É como se dissessem “Nossa, olha
que impressionante um preto aqui no meio de nós. Façamos uma festa para
celebrar este dia incomum. ” ou “Olha essa menina com essa beleza tão exótica! ”.
Ao fim dos elogios daquela simpática
senhora, a menina fechou a cara, assustada. Comia seu café da manhã e reagia
aos estímulos dos pais. E só. Dali para frente, quase não sorriu. Olha, eu sei
como é complicado entender o problema quando você não é do grupo excluído.
Parece até exagero. Mas, você já sentiu como se fosse uma atração de circo?
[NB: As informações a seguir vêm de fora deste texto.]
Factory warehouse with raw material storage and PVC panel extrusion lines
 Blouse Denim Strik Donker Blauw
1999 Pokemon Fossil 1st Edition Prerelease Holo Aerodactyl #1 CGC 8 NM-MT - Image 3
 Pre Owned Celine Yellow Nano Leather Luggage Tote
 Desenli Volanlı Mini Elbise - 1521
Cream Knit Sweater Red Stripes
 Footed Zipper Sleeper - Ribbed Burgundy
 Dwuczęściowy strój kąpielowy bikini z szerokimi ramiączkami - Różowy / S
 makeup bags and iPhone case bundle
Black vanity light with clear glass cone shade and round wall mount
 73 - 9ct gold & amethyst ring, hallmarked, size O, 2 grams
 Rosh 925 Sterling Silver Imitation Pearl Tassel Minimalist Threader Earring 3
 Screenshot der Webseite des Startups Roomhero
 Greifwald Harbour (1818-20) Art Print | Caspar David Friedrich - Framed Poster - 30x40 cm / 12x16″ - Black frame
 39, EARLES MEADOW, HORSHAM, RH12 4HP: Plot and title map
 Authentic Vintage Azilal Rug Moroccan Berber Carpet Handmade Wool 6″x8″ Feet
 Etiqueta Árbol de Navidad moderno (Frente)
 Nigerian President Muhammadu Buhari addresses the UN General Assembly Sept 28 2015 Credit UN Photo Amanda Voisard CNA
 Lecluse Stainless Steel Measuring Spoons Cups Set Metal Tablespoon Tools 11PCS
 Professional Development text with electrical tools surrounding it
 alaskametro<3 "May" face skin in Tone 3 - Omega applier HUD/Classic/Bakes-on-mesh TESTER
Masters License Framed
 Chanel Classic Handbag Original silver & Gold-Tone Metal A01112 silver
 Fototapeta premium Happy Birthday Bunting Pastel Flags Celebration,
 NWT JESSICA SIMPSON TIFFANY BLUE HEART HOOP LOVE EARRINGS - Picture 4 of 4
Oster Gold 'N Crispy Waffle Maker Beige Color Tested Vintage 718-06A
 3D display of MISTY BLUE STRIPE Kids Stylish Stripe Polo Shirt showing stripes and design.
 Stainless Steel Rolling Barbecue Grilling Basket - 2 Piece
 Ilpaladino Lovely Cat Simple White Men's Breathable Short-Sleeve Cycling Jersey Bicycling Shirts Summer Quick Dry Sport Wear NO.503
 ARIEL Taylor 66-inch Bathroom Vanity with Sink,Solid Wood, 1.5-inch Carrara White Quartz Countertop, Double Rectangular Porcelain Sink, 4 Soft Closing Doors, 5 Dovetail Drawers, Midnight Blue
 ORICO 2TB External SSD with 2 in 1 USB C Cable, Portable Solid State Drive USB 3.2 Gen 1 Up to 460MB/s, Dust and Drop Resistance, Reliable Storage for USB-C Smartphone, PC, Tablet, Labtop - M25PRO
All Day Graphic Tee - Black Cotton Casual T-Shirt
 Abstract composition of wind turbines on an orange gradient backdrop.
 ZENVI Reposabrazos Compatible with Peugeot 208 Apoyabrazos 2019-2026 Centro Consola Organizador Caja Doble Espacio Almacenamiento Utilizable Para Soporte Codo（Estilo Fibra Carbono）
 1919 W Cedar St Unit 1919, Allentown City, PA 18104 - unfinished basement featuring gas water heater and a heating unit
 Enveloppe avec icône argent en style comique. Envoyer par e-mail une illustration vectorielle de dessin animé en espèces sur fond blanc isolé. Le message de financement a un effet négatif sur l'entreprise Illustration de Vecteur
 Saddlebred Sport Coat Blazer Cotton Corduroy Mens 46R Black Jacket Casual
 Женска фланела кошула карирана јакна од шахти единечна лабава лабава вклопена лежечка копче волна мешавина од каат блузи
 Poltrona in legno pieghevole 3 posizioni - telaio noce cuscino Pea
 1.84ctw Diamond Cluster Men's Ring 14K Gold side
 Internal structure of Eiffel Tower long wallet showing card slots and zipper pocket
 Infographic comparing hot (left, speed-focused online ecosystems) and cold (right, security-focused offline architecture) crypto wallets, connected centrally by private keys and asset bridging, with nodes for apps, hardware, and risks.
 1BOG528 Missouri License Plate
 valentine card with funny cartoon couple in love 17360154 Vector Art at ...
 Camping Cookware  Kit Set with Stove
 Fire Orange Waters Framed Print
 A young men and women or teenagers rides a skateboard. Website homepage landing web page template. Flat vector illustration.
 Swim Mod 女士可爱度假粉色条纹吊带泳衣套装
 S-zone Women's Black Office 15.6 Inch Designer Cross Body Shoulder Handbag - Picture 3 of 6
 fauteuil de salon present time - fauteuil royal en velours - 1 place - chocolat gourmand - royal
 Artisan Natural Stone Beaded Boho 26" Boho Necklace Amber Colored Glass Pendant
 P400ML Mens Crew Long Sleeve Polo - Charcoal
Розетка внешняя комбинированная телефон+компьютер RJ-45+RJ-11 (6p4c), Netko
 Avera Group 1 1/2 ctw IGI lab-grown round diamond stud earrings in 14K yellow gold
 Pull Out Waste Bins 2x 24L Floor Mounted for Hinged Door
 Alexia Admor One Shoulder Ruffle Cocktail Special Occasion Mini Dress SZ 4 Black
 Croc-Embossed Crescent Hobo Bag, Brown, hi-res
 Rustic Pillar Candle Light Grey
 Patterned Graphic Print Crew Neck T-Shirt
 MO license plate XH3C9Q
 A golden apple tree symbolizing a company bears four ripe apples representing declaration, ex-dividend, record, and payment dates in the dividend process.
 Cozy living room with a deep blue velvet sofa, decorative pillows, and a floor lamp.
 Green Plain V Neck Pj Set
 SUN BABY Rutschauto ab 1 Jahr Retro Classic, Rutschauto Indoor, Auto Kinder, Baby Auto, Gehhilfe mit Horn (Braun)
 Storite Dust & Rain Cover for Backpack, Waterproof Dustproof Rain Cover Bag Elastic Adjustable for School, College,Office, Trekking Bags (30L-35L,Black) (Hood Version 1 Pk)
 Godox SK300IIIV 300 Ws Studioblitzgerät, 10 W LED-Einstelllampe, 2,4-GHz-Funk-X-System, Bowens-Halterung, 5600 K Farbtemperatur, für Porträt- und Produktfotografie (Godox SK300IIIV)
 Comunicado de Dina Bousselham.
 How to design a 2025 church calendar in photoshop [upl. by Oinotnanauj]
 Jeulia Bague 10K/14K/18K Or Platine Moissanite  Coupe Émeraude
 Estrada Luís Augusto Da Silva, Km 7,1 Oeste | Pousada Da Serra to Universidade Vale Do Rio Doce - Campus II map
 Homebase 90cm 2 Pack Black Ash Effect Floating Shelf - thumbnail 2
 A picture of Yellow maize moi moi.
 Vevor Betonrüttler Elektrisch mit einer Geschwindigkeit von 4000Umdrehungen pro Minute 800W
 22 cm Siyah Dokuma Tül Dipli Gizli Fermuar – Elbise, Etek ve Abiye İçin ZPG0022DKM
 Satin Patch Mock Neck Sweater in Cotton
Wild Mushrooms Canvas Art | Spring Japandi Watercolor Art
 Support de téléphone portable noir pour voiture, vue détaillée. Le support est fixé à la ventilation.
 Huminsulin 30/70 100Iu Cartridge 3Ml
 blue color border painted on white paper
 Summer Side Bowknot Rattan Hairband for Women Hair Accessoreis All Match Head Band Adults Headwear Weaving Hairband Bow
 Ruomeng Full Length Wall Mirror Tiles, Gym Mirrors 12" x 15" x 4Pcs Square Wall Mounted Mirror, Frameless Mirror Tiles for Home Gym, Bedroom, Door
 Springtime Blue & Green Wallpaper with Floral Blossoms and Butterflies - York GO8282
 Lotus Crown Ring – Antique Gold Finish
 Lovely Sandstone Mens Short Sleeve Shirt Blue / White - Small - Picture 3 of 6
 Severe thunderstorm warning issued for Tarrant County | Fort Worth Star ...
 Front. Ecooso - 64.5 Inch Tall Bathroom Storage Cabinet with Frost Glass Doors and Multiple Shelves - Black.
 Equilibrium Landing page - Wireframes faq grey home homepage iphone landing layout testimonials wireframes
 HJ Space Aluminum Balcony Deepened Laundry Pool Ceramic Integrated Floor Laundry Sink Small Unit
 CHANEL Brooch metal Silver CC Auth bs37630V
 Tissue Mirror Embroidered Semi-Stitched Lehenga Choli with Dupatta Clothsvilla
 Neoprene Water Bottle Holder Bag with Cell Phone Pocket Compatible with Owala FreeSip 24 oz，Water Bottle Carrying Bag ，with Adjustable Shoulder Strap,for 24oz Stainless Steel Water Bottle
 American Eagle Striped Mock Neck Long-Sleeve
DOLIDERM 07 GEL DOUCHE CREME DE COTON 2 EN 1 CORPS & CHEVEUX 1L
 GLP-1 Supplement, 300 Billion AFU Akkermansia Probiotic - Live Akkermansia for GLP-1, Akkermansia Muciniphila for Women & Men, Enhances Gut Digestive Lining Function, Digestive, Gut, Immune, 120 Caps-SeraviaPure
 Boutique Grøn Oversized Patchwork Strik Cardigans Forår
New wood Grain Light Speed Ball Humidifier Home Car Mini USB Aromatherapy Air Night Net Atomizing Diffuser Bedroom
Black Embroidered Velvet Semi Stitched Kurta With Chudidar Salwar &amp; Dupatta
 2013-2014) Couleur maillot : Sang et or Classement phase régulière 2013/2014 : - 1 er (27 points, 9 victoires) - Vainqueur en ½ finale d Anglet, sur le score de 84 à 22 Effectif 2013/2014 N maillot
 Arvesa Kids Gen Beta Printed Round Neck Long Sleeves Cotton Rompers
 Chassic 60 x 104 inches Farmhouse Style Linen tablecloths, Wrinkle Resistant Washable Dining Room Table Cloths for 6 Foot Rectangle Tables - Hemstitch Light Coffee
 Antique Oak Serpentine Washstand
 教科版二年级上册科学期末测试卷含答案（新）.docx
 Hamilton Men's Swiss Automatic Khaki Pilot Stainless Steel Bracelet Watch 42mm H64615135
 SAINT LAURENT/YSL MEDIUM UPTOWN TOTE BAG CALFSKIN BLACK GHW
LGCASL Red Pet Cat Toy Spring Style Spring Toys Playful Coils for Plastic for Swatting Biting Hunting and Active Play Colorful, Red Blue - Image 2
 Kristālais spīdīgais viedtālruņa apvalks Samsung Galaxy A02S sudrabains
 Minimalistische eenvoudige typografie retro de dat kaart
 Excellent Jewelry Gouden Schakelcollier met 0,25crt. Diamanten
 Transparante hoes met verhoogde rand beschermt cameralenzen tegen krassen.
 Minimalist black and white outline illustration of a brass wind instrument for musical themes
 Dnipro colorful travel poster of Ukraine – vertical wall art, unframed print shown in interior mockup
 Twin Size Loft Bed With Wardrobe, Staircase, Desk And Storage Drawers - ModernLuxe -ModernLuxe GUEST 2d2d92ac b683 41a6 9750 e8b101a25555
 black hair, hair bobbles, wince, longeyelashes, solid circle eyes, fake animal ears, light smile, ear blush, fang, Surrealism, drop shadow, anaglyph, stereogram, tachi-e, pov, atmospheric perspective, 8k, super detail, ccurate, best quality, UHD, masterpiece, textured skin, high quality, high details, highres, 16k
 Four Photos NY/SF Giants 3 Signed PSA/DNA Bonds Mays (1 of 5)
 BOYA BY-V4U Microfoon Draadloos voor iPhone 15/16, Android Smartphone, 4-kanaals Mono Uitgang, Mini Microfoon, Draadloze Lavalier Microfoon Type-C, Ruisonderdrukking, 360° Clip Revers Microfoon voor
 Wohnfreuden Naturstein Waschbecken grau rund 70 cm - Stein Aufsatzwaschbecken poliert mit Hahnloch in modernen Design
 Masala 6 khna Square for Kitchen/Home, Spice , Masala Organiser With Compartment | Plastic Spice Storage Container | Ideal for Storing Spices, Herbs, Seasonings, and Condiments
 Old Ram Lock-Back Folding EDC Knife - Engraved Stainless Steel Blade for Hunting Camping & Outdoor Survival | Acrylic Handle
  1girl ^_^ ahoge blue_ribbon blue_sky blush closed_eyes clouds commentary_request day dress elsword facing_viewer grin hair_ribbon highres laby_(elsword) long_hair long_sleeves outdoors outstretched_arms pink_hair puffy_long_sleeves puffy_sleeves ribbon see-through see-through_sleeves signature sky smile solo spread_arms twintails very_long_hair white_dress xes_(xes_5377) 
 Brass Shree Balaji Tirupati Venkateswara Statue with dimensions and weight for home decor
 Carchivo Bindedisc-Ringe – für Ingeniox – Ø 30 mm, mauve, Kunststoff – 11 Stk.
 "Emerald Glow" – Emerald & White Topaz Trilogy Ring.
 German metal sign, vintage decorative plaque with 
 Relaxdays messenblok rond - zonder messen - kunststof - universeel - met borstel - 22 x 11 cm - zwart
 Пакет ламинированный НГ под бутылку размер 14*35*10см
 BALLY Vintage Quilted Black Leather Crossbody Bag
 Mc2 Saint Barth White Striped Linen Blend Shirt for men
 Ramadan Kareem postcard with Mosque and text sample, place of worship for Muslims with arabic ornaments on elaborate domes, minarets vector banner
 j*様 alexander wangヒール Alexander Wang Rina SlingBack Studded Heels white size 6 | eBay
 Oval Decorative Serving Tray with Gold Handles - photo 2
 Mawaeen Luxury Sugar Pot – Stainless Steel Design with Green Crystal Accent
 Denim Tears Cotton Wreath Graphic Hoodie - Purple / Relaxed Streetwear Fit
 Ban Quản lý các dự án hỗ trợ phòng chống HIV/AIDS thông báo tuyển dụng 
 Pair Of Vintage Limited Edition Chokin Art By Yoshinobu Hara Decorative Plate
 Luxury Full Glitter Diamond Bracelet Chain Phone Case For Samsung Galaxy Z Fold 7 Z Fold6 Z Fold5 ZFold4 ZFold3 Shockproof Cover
Todos olhando e estranhando a sua presença naquele lugar que não foi projetado
para pessoas como você.
Eu sei que a menininha loira de
olhos azuis também é abordada de vez em quando para elogiarem sua beleza. A
diferença é que ela sempre perceberá aquele lugar como seu e o elogio será
apenas um elogio. Ela não vai sentir-se tão diferente daquele que está falando.
Bom. Que ótimo que aquela menina
preta podia estar ali. Que pôde ser acolhida por seus pais brancos e trazida
para um mundo que deve ser um pouco melhor que o lugar onde passara a sua
primeira infância. Além disso, eu a vi sorrir mais uma vez.
Eu ia servir o meu segundo prato,
sou uma pessoa muito grande e preciso comer bastante, quando decidi pegar um
pão e recheá-lo com salsichas. Mais uma vez, quem estava na minha frente esgotou
o que eu pegaria. Agora, ela.
─ Você acabou com as salsichas,
né? ─ ela me olhou com um olhão bem arregalado, eu ri para ela e ela abriu um
sorriso lindo de volta, olhando-me por alguns segundos. Simples assim. Os dois únicos
negros daquele refeitório disputando a última salsicha para um cachorro-quente
matinal.
Se eu deveria dizer algo mais,
não sei. Mas, acho que acertei na abordagem.